═══ EXERCISE DATA
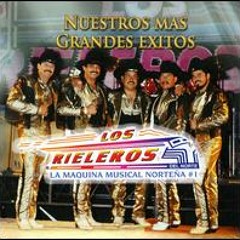 old school rieleros mix( dj alo) las viejitas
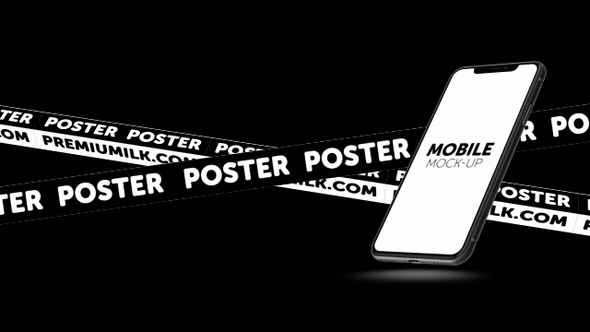 Posters Pack - 22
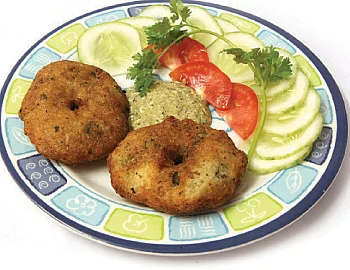 30 வகை கீரை சமையல்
══════
Transcribe the full listing above exactly, with the images removed.

 old school rieleros mix( dj alo) las viejitas
 Posters Pack - 22
 30 வகை கீரை சமையல்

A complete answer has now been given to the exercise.